La Présidente (Mme Pelchat): Alors là-dessus...
M. Paradis (Brome-Missisquoi): Et vous seriez disponible pour
être juge.
M. Roberge: Non.
Des voix: Ha, ha, ha!
La Présidente (Mme Pelchat): Là-dessus...
M. Lazure: C'est une demande du Parti québécois,
ça, le tribunal environnemental.
M. Roberge: Ah bon! Bien, là, en tout cas, prenez ce que
vous voulez. Concernant la question-La Présidente (Mme Pelchat):
En conclusion,
Me Roberge, le temps est écoulé, si vous me permettez.
M. Roberge: Oui, en conclusion, c'est ce que je voulais
faire.
La Présidente (Mme Pelchat): Brièvement.
M. Paradis (Brome-Missisquoi): Et le monde municipal serait
choqué que la Commission municipale perde cette juridiction.
M. Roberge: Je vous en reparlerai à un autre moment.
Finalement, concernant la question du fonds global pour des sites orphelins, je
crois que les citoyens disent qu'ils sont prêts à mettre des sous
pour restaurer ou protéger l'environnement. Probablement que les fonds
publics, justement, devraient contribuer à réparer l'histoire qui
a été réalisée selon les connaissances du moment,
mais on est aujourd'hui en 1990 et les situations du passé pour les
sites orphelins, ce serait justement la contribution que tous et chacun sont
prêts à verser, à ce qu'ils disent.
La Présidente (Mme Pelchat): Alors, M. le ministre,
brièvement.
M. Paradis (Brome-Missisquoi): Oui. Je vais remercier
l'Association minière. Nous allons poursuivre l'analyse article par
article que vous nous avez soumise. Immédiatement je vous indique, en ce
qui concerne l'article 31.50, que créer une obligation quant à la
radiation au ministère, c'est une suggestion que nous retenons
immédiatement. Quant aux autres, nous en ferons une analyse approfondie
et, si nous avons besoin d'éclaircissements, je pense qu'on peut compter
sur votre collaboration pour les obtenir.

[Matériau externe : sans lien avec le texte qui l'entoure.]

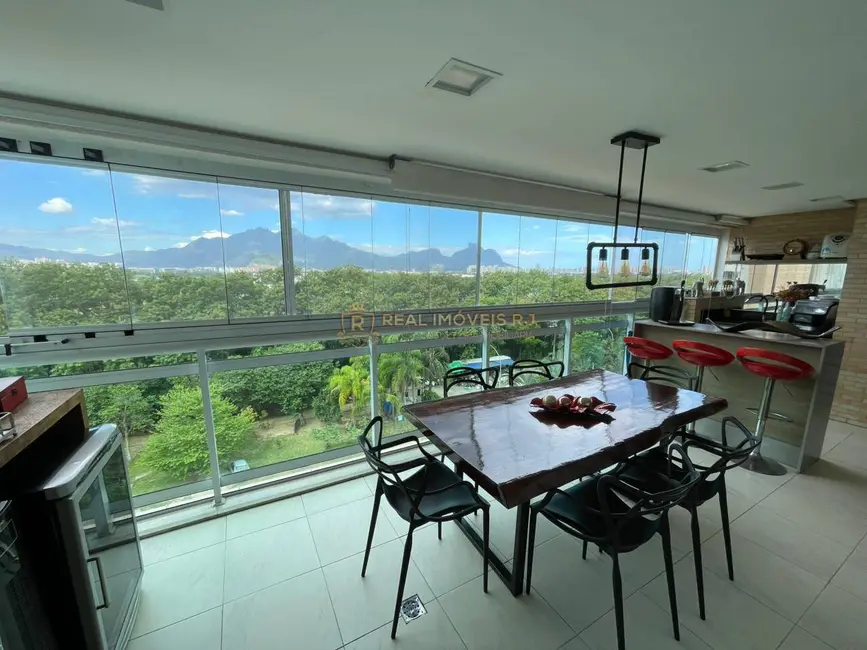 Foto 8 de Apartamento com 3 quartos à venda, 156m2 em Barra da Tijuca, Rio De Janeiro - RJ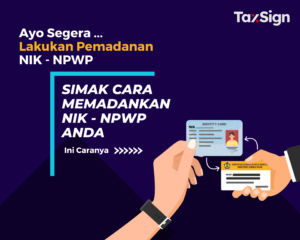 Pemadanan NIK dan npwp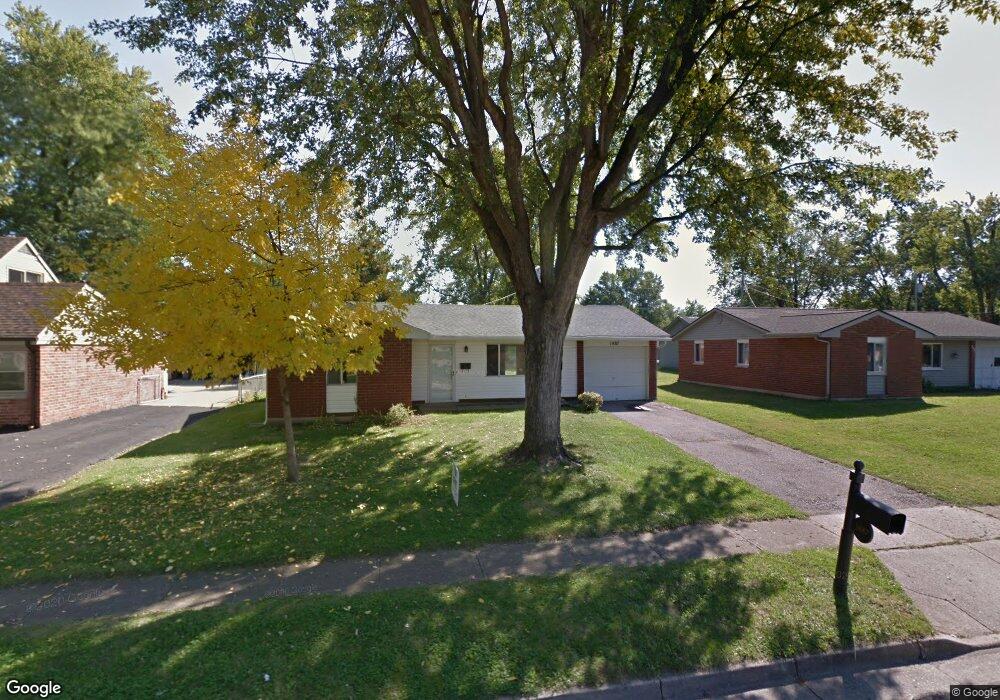 1887 Connecticut Dr, Xenia, OH 45385 - photo 1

M. Roberge: Oui, certainement.
La Présidente (Mme Pelchat): M. le député de
La Prairie.
M. Lazure: au nom de l'opposition, je veux simplement remercier
les représentants de l'association minière pour leur
présentation. merci.
La Présidente (Mme Pelchat): Alors, messieurs, on vous
remercie. La commission ajourne ses travaux à demain, 11 heures.